Eighteen major automakers announced recently that they will join together with the U.S. government in a voluntary program to improve vehicle safety, according to a Reuters article. The program will tackle problems like improving cyber security for onboard computers in vehicles and collecting better early warning data of potential problems. The program’s plan is to use a similar successful program in the aviation industry as a model for cooperation.
One of the plan’s major goals is to prevent safety problems rather than cracking down on automakers after safety issues occur. If safety can be improved to reduce the number of hidden defects that cause serious accidents and injuries, the U.S. Department of Transportation (DOT) believes that the need for recalls and lawsuits over liability will likewise decrease.

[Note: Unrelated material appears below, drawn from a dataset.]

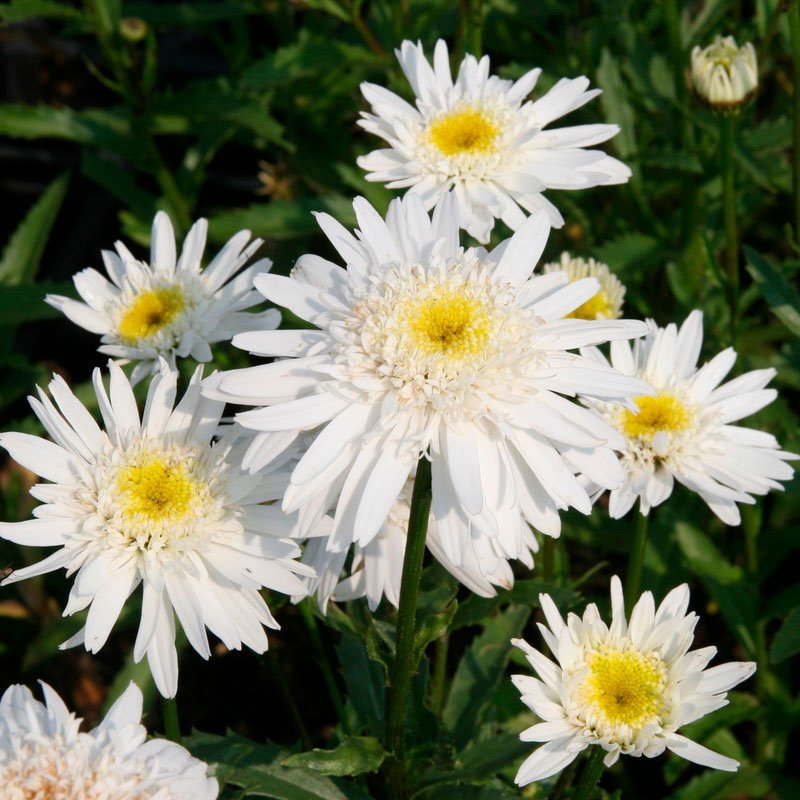 Превью изображения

Transportation Secretary, Anthony Foxx, celebrated the negotiation, saying: “We have finalized a historic agreement on a set of broad-ranging actions to help make our roads safer and help avoid the sort of safety crisis that generates the wrong kind of record-setting and headlines.”
Not everyone applauded the initiative, however. Some critics, including Senators Edward Markey (D-Mass) and Richard Blumenthal (D-Conn), asked why the National Highway Traffic Safety Administration (NHTSA) made the talks leading up to the agreement private instead of public, and why the agreement is voluntary rather than mandatory.
The senators say that this is another example of the “informal dealing” atmosphere that allows serious auto product defects to flourish in the first place. Former NHTSA administrator Joan Claybrook agreed, saying that the “safety of the American public will not be best protected” with a voluntary agreement between the NHTSA, which regulates automakers, and automakers who might prefer not to be regulated.
Many experts say a closer automaker-government partnership is needed, particularly after the Latest Air Bag Death Reveals Inefficiencies in U.S. Recall System.